Pese a sus deseos de acudir a Skye, Lynley sabía que debía convencer a lady Helen de su culpabilidad en el pecado que ella se atribuía. Al menos, tenía que proporcionarle ese consuelo.

– No fue culpa tuya, Helen. No habrías hecho nada de esto si yo no te hubiera obligado. ¿Qué ibas a pensar cuando te conté lo de Hannah Darrow? ¿Qué ibas a creer? ¿A quién ibas a creer?

– Exactamente. Podía haberme decantado por Rhys, dijeras lo que dijeses. Lo supe entonces y lo sé ahora. En lugar de ello, me decanté por ti. Rhys se dio cuenta y me dejó. ¿Quién podría recriminárselo? Al fin y al cabo, creer que tu amante es un asesino daña irreparablemente una relación. -Se volvió y le miró por fin, tan cerca que él pudo oler el aroma puro y fresco de su pelo-. Hasta Hampstead, creí que Rhys era el asesino.

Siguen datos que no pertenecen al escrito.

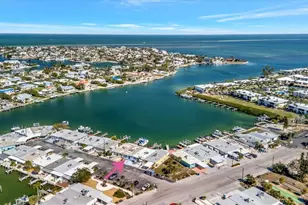 15 Seaside Ct, Holmes Beach, FL 34217 - Photo 5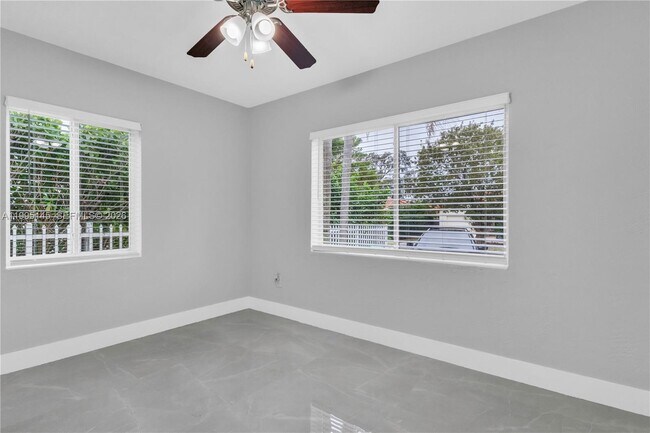 Building Photo - 51 SW 59th Ave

– Entonces, ¿por qué le avisaste? ¿Lo hiciste para castigarme?

– ¿Avisarle? ¿Eso pensaste? No. Cuando apareció sobre el muro, comprendí al instante que no era Rhys. Yo… he llegado a conocer bien el cuerpo de Rhys. Aquel hombre era demasiado grande. Reaccioné sin pensarlo, horrorizada al darme cuenta de lo que le había hecho, al saber que le había perdido. -Desvió la cabeza hacia la ventana, pero sólo un momento. Siguió hablando, mirando otra vez a Lynley-. Acudí a Westerbrae como su salvadora, la bella y recta mujer que iba a enderezarle. Me consideraba su razón de no volver a beber. Ya ves, en el fondo tenías razón. Se repitió la historia de Simón.